◆ PROVIDED DATA:

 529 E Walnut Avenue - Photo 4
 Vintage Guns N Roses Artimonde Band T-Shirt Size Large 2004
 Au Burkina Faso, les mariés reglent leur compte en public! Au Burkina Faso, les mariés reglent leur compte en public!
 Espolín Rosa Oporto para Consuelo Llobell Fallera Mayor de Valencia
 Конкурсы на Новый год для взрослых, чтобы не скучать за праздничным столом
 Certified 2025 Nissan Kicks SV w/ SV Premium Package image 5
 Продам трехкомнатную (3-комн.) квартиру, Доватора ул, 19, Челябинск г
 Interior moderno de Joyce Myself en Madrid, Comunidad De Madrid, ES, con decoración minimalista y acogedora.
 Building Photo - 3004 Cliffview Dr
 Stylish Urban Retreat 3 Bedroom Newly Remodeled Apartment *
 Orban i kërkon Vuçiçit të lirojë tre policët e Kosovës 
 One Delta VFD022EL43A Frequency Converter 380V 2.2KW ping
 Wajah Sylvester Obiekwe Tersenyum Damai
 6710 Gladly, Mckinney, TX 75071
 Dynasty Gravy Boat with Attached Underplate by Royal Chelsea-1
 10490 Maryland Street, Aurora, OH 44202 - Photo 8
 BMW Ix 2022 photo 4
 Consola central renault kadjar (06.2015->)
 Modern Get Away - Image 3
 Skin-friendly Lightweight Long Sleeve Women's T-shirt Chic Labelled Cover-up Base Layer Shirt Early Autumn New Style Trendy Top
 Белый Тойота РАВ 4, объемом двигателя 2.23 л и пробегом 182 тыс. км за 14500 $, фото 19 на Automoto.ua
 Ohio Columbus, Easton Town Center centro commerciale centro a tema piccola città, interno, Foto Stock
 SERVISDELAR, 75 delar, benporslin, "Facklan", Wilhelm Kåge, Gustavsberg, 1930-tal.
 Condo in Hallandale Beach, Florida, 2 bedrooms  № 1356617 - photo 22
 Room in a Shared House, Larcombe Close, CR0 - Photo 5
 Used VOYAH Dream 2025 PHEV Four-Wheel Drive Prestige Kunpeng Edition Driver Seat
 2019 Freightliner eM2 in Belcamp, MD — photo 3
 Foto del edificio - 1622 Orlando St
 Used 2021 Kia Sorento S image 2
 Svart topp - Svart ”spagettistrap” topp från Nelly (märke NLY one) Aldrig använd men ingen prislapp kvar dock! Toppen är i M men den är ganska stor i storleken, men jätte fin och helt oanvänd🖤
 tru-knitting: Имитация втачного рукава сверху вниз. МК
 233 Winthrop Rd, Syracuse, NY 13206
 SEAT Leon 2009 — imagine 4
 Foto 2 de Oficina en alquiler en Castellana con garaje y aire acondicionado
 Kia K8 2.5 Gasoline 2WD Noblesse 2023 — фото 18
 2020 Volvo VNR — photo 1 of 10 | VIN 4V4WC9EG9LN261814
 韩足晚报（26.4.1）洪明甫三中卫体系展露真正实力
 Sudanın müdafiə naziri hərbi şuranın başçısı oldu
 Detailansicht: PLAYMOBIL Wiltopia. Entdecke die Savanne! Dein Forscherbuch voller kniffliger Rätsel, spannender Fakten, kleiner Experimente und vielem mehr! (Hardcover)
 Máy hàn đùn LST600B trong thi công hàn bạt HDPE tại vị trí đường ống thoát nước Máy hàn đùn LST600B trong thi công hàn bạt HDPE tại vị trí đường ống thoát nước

◆ PROBLEM TO SOLVE:
With every line intact, output the listing above exactly.

◆ RESULT:
 529 E Walnut Avenue - Photo 4
 Vintage Guns N Roses Artimonde Band T-Shirt Size Large 2004
 Au Burkina Faso, les mariés reglent leur compte en public! Au Burkina Faso, les mariés reglent leur compte en public!
 Espolín Rosa Oporto para Consuelo Llobell Fallera Mayor de Valencia
 Конкурсы на Новый год для взрослых, чтобы не скучать за праздничным столом
 Certified 2025 Nissan Kicks SV w/ SV Premium Package image 5
 Продам трехкомнатную (3-комн.) квартиру, Доватора ул, 19, Челябинск г
 Interior moderno de Joyce Myself en Madrid, Comunidad De Madrid, ES, con decoración minimalista y acogedora.
 Building Photo - 3004 Cliffview Dr
 Stylish Urban Retreat 3 Bedroom Newly Remodeled Apartment *
 Orban i kërkon Vuçiçit të lirojë tre policët e Kosovës 
 One Delta VFD022EL43A Frequency Converter 380V 2.2KW ping
 Wajah Sylvester Obiekwe Tersenyum Damai
 6710 Gladly, Mckinney, TX 75071
 Dynasty Gravy Boat with Attached Underplate by Royal Chelsea-1
 10490 Maryland Street, Aurora, OH 44202 - Photo 8
 BMW Ix 2022 photo 4
 Consola central renault kadjar (06.2015->)
 Modern Get Away - Image 3
 Skin-friendly Lightweight Long Sleeve Women's T-shirt Chic Labelled Cover-up Base Layer Shirt Early Autumn New Style Trendy Top
 Белый Тойота РАВ 4, объемом двигателя 2.23 л и пробегом 182 тыс. км за 14500 $, фото 19 на Automoto.ua
 Ohio Columbus, Easton Town Center centro commerciale centro a tema piccola città, interno, Foto Stock
 SERVISDELAR, 75 delar, benporslin, "Facklan", Wilhelm Kåge, Gustavsberg, 1930-tal.
 Condo in Hallandale Beach, Florida, 2 bedrooms  № 1356617 - photo 22
 Room in a Shared House, Larcombe Close, CR0 - Photo 5
 Used VOYAH Dream 2025 PHEV Four-Wheel Drive Prestige Kunpeng Edition Driver Seat
 2019 Freightliner eM2 in Belcamp, MD — photo 3
 Foto del edificio - 1622 Orlando St
 Used 2021 Kia Sorento S image 2
 Svart topp - Svart ”spagettistrap” topp från Nelly (märke NLY one) Aldrig använd men ingen prislapp kvar dock! Toppen är i M men den är ganska stor i storleken, men jätte fin och helt oanvänd🖤
 tru-knitting: Имитация втачного рукава сверху вниз. МК
 233 Winthrop Rd, Syracuse, NY 13206
 SEAT Leon 2009 — imagine 4
 Foto 2 de Oficina en alquiler en Castellana con garaje y aire acondicionado
 Kia K8 2.5 Gasoline 2WD Noblesse 2023 — фото 18
 2020 Volvo VNR — photo 1 of 10 | VIN 4V4WC9EG9LN261814
 韩足晚报（26.4.1）洪明甫三中卫体系展露真正实力
 Sudanın müdafiə naziri hərbi şuranın başçısı oldu
 Detailansicht: PLAYMOBIL Wiltopia. Entdecke die Savanne! Dein Forscherbuch voller kniffliger Rätsel, spannender Fakten, kleiner Experimente und vielem mehr! (Hardcover)
 Máy hàn đùn LST600B trong thi công hàn bạt HDPE tại vị trí đường ống thoát nước Máy hàn đùn LST600B trong thi công hàn bạt HDPE tại vị trí đường ống thoát nước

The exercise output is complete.